To illustrate the process, we will fit a ETS model to national GDP data stored in `global_economy`

## Data preparation (tidy)

The first step in forecasting is to prepare data in the correct format. This process may involve loading in data, identifying missing values, filtering the time series, and other pre-processing tasks. *Multiple pandas functions can be useful for this stage*

Many models have different data requirements; some require the series to be in time order, others require no missing values. Checking your data is an essential step to understanding its features and should always be done before models are estimated.

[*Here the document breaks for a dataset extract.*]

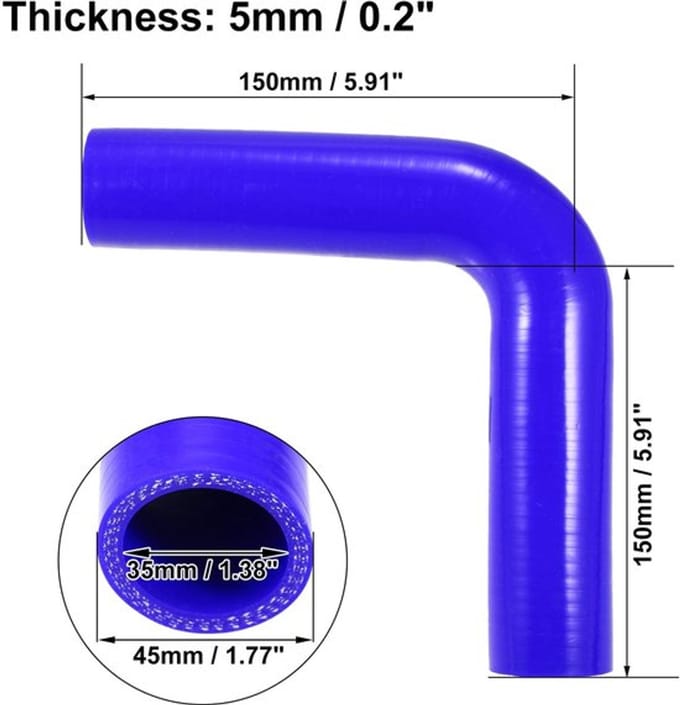 Vt products - Universele Koppeling - Siliconen Slang - 90 Graden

We will model GDP per capita over time; so first, we must compute the relevant variable.

In [None]:
# Import the libraries that we are going to use for the analysis:
import polars as pl
from utilsforecast.plotting import plot_series

In [None]:
# Create a dataframe from a csv file
df = pl.read_csv("Assets/global_economy_data.csv", separator=";").with_columns(
    pl.lit(1).alias("unique_id")
)

df.head()

## Plot the data (visualise)

As we have seen in Chapter 2, visualisation is an essential step in understanding the data. Looking at your data allows you to identify common patterns, and subsequently specify an appropriate model.

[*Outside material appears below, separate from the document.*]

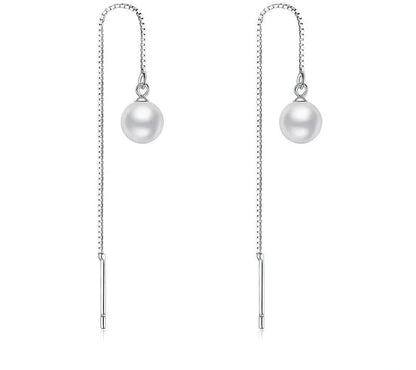 925 Sterling Silver Elegant Long Tassel Drop Earrings - TEA LU SHOP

The data for one country in our example are plotted the next Figure:

In [None]:
plot_series(df, time_col="Year", target_col="Sweden_gdp_per_cap", engine="plotly")

<p style="text-align: center;">
Figure 1: GDP per capita data for Sweden from 1960 to 2017.
</p>

## Define a model (specify)

There are many different time series models that can be used for forecasting, and much of this book is dedicated to describing various models. Specifying an appropriate model for the data is essential for producing appropriate forecasts.

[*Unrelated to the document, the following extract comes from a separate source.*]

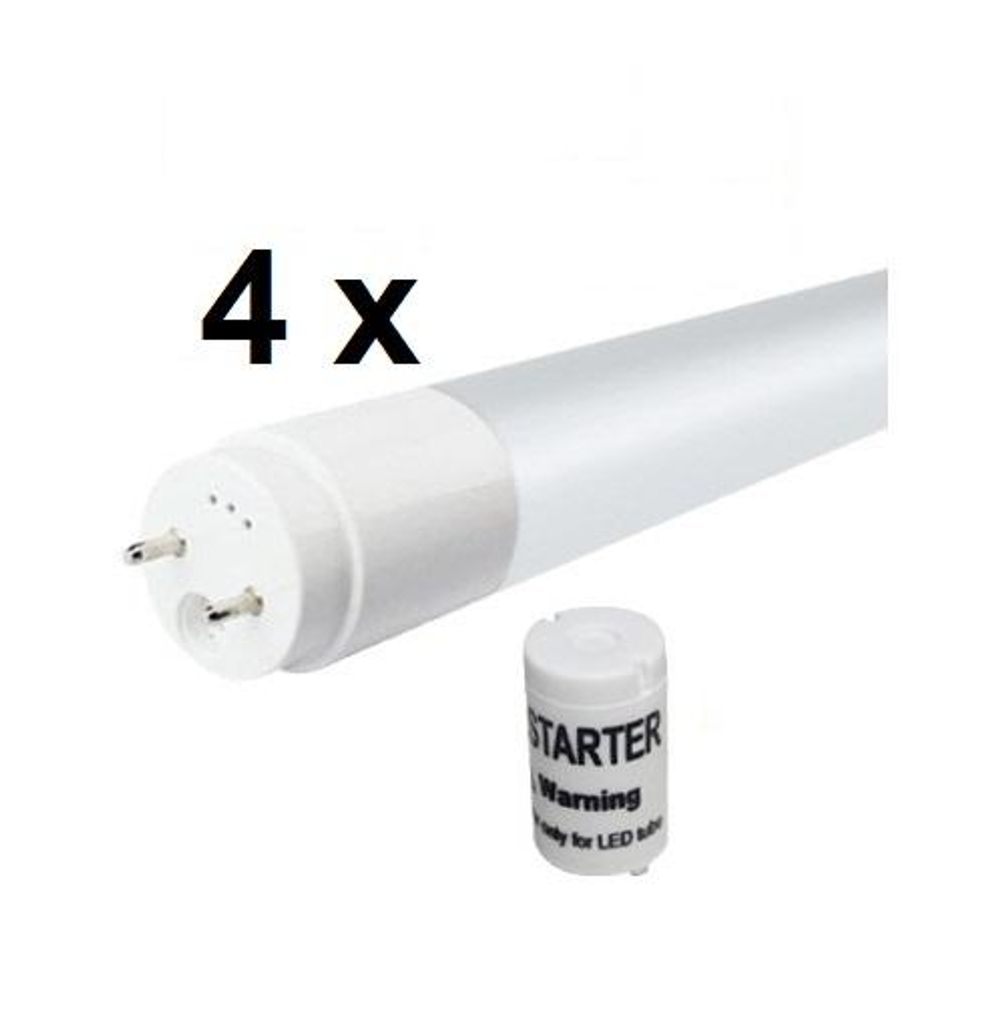 4 x 120 cm LED-Röhre T8 / G13, 18 Watt, 2430 Lumen, 300° Ausstrahlung, Lichtfarbe Tageslichtweiß / Kaltweiß 6000 Kelvin, ideal für Deckenleuch...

*For example, it´s possible to use an `ETS model` to study the time series of GDP per capita.*

*The exponential smoothing (ETS) algorithm is especially suited for data with seasonality and trend. ETS computes a weighted average over all observations in the input time series dataset as its prediction. In contrast to moving average methods with constant weights, ETS weights exponentially decrease over time, capturing long term dependencies while prioritizing new observations.*

In [None]:
# Import the model that we are going to use:
from statsforecast.models import AutoETS
from statsforecast import StatsForecast

*AutoETS model Automatically selects the best ETS (Error, Trend, Seasonality) model using an information criterion. Default is Akaike Information Criterion (AICc), while particular models are estimated using maximum likelihood. The state-space equations can be determined based on their `M` multiplicative, `A` additive, `Z` optimized or `N` ommited components. The model string parameter defines the ETS equations: E in `[M A Z]`, T in `[N A M Z]`, and S in `[N A M Z]`.*

*For example when model=‘ANN’ (additive error, no trend, and no seasonality), ETS will explore only a simple exponential smoothing.*

*If the component is selected as ‘Z’, it operates as a placeholder to ask the AutoETS model to figure out the best parameter.*

## Train the model (estimate)

Once an appropriate model is specified, we next train the model on some data. To estimate the model in our example, we use:

In [None]:
model = StatsForecast(
    models=[AutoETS(model="ZMZ")],
    freq=1,
)

In [None]:
model.fit(df, id_col="unique_id", time_col="Year", target_col="Sweden_gdp_per_cap")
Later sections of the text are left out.